LinkedIn is an excellent tool for finding and communicating with new clients. Before they can find you there, though, you need a professional profile.
To help you complete your LinkedIn profile and make it as strong as possible, Wealthy Web Writer created a brief and a Practice Assignment to point you down the right path.
Then Wealthy Web Writer Managing Editor Heather Robson selected several submissions at random to review live — watch her reviews in the webinar replay, HERE.
Heather discussed what makes a strong LinkedIn profile, then reviewed three submissions from members. During the reviews, she pointed out what is already working well, and suggested changes that could make them stronger.
Before diving into the live review, let’s look at the assignment brief.

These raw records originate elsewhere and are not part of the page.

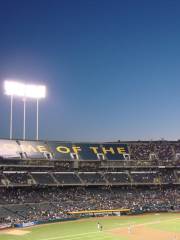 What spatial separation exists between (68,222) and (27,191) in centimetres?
1359

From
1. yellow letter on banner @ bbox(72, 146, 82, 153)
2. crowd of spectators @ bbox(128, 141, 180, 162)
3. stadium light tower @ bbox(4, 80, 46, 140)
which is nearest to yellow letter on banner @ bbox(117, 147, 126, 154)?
crowd of spectators @ bbox(128, 141, 180, 162)

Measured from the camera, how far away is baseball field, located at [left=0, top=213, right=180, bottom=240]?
51.9 metres

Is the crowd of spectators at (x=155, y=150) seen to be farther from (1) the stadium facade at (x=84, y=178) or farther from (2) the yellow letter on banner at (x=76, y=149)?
(2) the yellow letter on banner at (x=76, y=149)

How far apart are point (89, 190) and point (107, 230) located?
24666mm

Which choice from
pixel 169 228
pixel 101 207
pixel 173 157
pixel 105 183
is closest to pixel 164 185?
pixel 173 157

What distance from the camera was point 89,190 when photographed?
81812mm

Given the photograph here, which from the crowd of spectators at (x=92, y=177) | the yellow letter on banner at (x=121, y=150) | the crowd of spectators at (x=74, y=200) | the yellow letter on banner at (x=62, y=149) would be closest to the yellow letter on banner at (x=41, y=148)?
the yellow letter on banner at (x=62, y=149)

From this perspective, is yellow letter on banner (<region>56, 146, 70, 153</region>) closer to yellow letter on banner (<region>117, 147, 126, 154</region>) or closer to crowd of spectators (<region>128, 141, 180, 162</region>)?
yellow letter on banner (<region>117, 147, 126, 154</region>)

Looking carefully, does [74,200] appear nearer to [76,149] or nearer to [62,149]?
[62,149]

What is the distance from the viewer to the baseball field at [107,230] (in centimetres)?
5194

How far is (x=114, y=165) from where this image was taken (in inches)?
3403

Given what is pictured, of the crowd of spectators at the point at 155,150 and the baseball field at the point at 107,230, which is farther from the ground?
the crowd of spectators at the point at 155,150

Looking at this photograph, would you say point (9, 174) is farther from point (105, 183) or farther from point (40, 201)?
point (105, 183)

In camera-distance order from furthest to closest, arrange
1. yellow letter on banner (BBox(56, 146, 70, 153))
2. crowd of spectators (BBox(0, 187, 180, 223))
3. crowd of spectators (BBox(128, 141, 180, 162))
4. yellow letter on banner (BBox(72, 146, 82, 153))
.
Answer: crowd of spectators (BBox(128, 141, 180, 162)) → yellow letter on banner (BBox(72, 146, 82, 153)) → yellow letter on banner (BBox(56, 146, 70, 153)) → crowd of spectators (BBox(0, 187, 180, 223)) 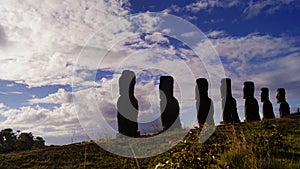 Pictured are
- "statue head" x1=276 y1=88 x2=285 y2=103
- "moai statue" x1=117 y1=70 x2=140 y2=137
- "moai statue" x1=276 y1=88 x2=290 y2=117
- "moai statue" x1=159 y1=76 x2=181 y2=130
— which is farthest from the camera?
"statue head" x1=276 y1=88 x2=285 y2=103

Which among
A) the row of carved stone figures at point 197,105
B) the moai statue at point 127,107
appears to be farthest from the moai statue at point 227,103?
the moai statue at point 127,107

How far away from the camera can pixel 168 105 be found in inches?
1206

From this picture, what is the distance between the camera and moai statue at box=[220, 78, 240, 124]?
3167 centimetres

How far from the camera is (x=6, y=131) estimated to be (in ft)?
108

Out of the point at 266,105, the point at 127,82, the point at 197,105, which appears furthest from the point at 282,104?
the point at 127,82

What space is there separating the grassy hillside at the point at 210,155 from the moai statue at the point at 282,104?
29.4 ft

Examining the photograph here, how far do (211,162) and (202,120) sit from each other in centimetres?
2390

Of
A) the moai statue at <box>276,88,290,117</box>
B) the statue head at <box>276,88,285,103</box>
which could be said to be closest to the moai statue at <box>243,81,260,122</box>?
the moai statue at <box>276,88,290,117</box>

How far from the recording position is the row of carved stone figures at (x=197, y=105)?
28.3 meters

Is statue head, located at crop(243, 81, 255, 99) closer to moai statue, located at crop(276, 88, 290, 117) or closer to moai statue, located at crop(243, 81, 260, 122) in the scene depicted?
moai statue, located at crop(243, 81, 260, 122)

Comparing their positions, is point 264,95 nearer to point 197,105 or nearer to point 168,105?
point 197,105

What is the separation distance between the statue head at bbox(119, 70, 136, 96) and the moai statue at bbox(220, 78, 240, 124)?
7.91m

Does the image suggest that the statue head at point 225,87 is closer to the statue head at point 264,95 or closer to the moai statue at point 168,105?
the statue head at point 264,95

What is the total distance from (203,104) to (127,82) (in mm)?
6631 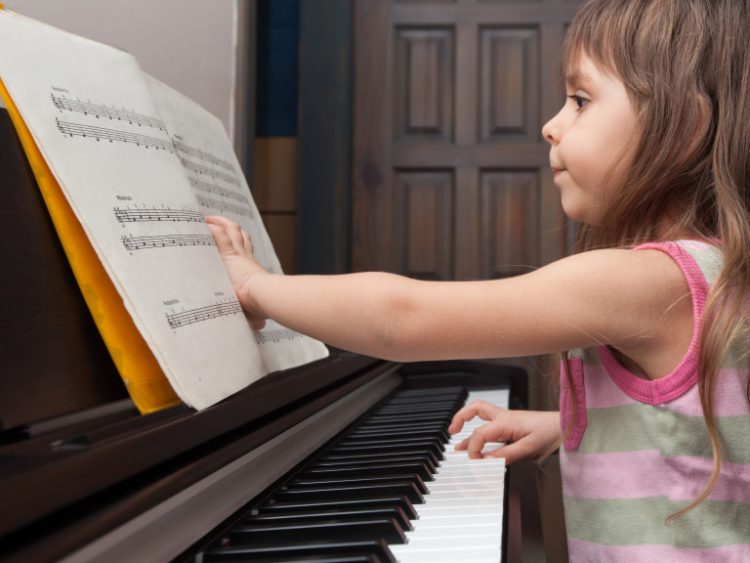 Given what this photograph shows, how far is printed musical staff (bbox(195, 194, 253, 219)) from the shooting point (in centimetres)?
108

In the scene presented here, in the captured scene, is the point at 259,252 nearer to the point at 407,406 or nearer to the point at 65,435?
the point at 407,406

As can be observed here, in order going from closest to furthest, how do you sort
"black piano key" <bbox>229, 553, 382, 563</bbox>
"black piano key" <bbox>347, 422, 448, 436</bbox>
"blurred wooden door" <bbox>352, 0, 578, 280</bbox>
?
"black piano key" <bbox>229, 553, 382, 563</bbox>, "black piano key" <bbox>347, 422, 448, 436</bbox>, "blurred wooden door" <bbox>352, 0, 578, 280</bbox>

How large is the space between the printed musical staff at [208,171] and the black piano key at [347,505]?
45cm

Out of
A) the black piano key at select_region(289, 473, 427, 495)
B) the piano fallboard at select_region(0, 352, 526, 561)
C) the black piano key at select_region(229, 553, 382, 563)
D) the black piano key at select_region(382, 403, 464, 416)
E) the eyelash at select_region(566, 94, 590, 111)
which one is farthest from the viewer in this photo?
the black piano key at select_region(382, 403, 464, 416)

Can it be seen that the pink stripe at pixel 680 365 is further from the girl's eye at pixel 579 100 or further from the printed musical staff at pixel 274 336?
the printed musical staff at pixel 274 336

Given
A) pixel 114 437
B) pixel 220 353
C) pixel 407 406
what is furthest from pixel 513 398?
pixel 114 437

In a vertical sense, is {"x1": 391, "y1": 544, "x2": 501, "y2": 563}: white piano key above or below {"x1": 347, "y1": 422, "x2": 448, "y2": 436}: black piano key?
above

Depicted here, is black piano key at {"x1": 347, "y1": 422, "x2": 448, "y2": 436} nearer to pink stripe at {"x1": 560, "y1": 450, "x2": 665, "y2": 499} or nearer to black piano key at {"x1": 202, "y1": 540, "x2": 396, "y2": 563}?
pink stripe at {"x1": 560, "y1": 450, "x2": 665, "y2": 499}

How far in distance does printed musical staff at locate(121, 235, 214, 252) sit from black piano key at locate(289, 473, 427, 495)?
0.28m

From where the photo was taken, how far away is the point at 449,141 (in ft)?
11.1

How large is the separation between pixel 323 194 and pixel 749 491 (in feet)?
8.05

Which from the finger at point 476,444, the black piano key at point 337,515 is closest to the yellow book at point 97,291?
the black piano key at point 337,515

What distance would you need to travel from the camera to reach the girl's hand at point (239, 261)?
Result: 978 mm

Heather reminded us that, when we’re trying to be persuasive, many things come down to answering the question, “How can I transform someone’s life in even a small way?”

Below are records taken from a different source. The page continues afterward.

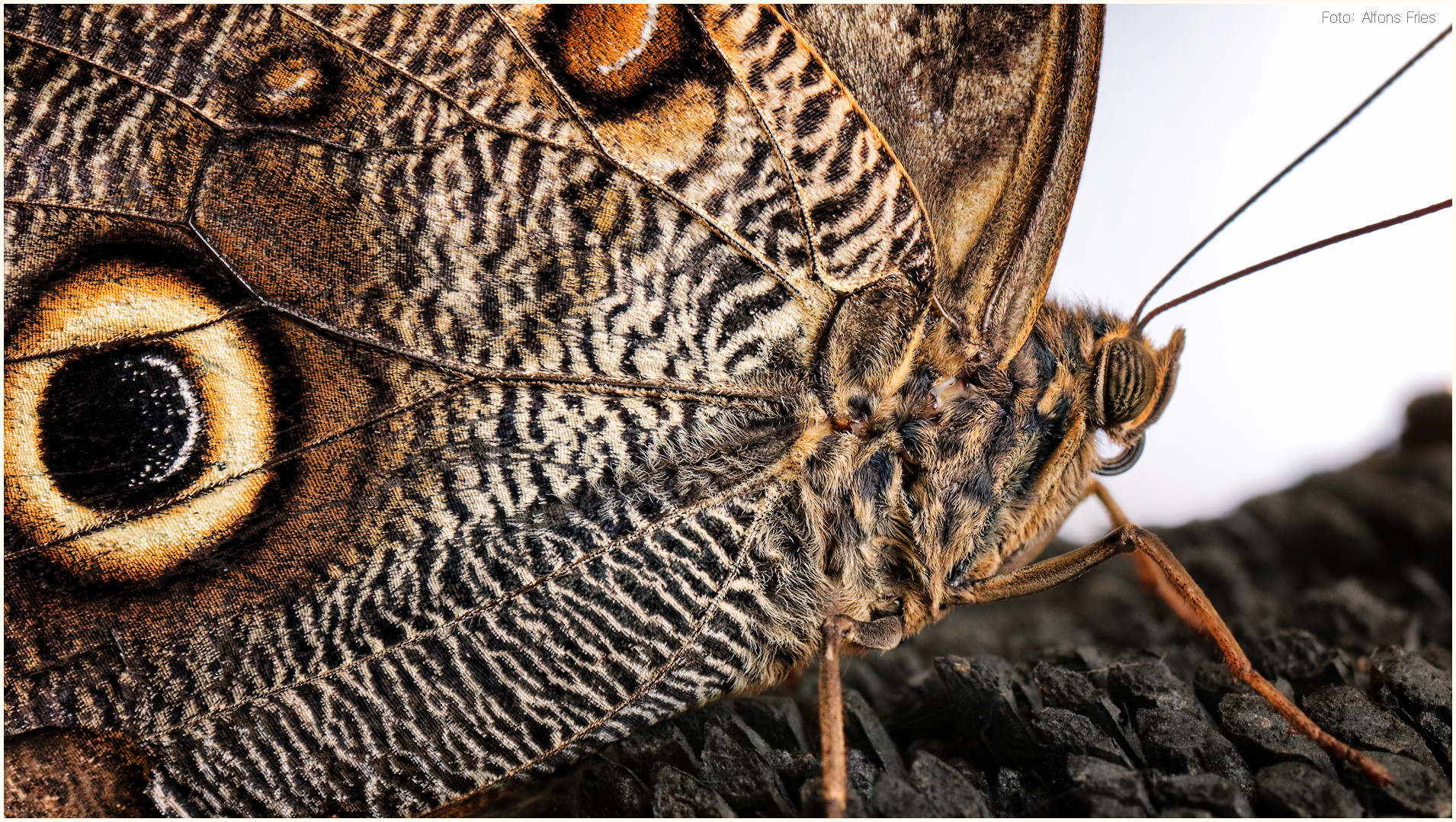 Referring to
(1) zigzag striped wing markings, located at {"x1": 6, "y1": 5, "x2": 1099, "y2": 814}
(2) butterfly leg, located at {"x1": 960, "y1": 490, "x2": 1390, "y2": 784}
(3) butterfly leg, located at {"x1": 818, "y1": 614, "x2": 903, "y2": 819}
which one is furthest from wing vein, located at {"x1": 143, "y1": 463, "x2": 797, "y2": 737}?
(2) butterfly leg, located at {"x1": 960, "y1": 490, "x2": 1390, "y2": 784}

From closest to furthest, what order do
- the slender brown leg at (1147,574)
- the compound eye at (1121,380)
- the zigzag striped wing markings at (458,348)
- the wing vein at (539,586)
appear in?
1. the zigzag striped wing markings at (458,348)
2. the wing vein at (539,586)
3. the compound eye at (1121,380)
4. the slender brown leg at (1147,574)

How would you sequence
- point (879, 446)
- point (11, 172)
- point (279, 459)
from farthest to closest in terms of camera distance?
1. point (879, 446)
2. point (279, 459)
3. point (11, 172)

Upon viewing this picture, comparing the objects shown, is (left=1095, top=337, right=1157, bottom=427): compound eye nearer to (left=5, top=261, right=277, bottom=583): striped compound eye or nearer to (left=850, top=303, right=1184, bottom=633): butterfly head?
(left=850, top=303, right=1184, bottom=633): butterfly head

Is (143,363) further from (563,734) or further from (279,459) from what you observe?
(563,734)

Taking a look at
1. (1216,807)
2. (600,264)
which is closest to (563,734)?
(600,264)

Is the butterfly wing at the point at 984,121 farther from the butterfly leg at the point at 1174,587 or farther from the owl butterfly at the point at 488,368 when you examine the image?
the butterfly leg at the point at 1174,587

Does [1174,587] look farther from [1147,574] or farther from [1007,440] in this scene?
[1147,574]

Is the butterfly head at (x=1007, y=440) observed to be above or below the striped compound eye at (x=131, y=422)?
below

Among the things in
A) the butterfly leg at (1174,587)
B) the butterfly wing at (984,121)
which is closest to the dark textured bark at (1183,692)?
the butterfly leg at (1174,587)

She also noted that, while it’s fine to tweak and update your profile to improve it, the more fully you can set it up from the start, the more ways people will have to find you on LinkedIn.

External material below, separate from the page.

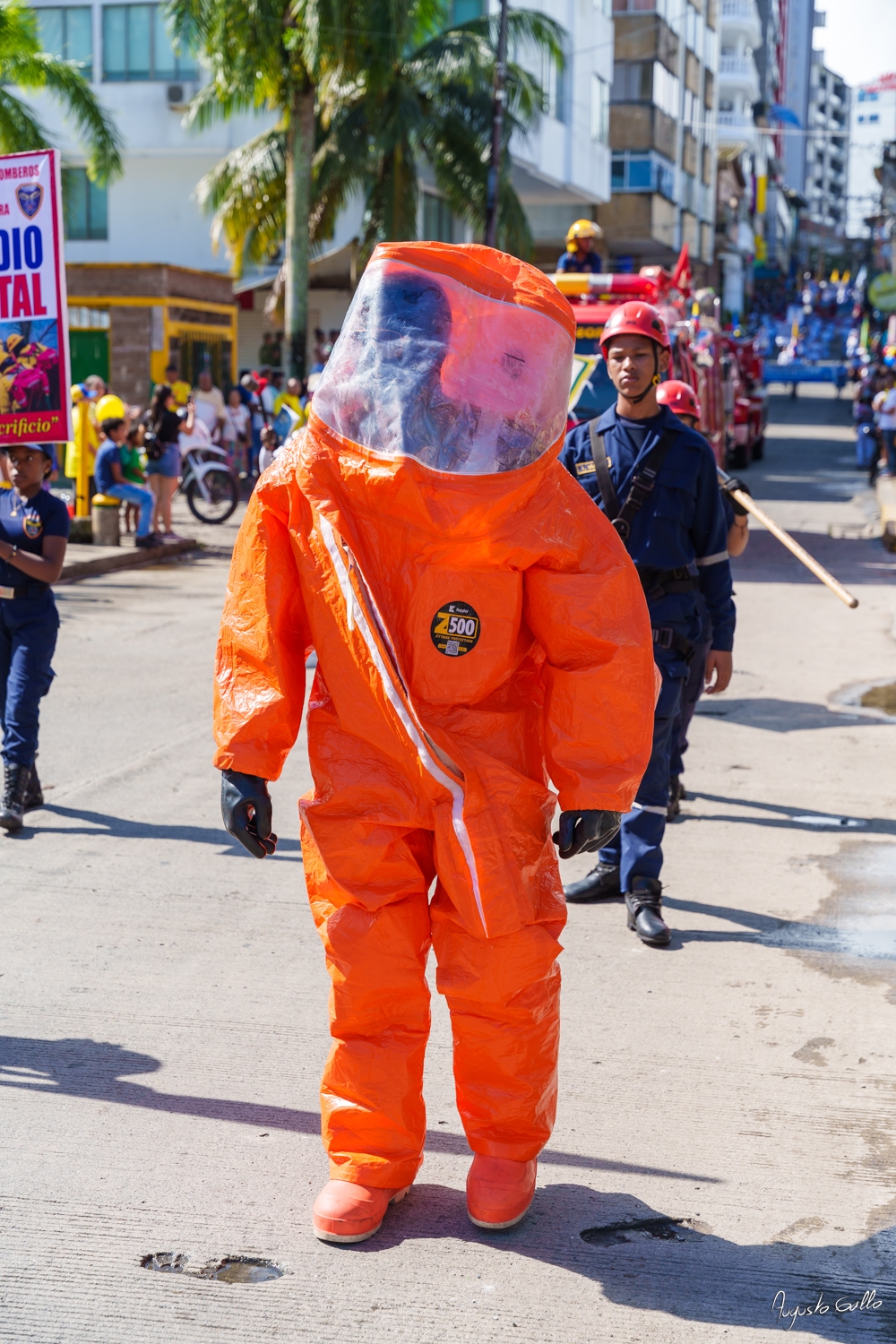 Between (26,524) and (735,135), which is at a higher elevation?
(735,135)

What’s in a Strong LinkedIn Profile
A strong LinkedIn profile includes a:
- Quality photo that makes you look approachable. You should be smiling and looking at the audience, but most of all, be authentic. You don’t need to dress formally unless that works for your specific audience. “It’s all about giving the viewer a chance to look you in the eye and feel like they know you and like you,” Heather noted.
- Headline that’s clear, specific, and searchable. It should let the reader know what you do and who your audience is, the types of projects you work on, and the results you deliver.
- Summary that showcases your personality and skill. Make sure it’s easy to read, well written, and gives the reader a chance to know your tone and your style.
- Summary that shows your audience you know what they need.
- Experience listings that prove your value.
- Extras (things like samples, testimonials, and awards).
Heather noted that she likes to keep the reviews “upbeat and honest. I never want anyone to feel I’m tearing their submission down,” she added. “I know getting feedback is scary, so I want it to be really helpful for the submitter and also everyone listening in.”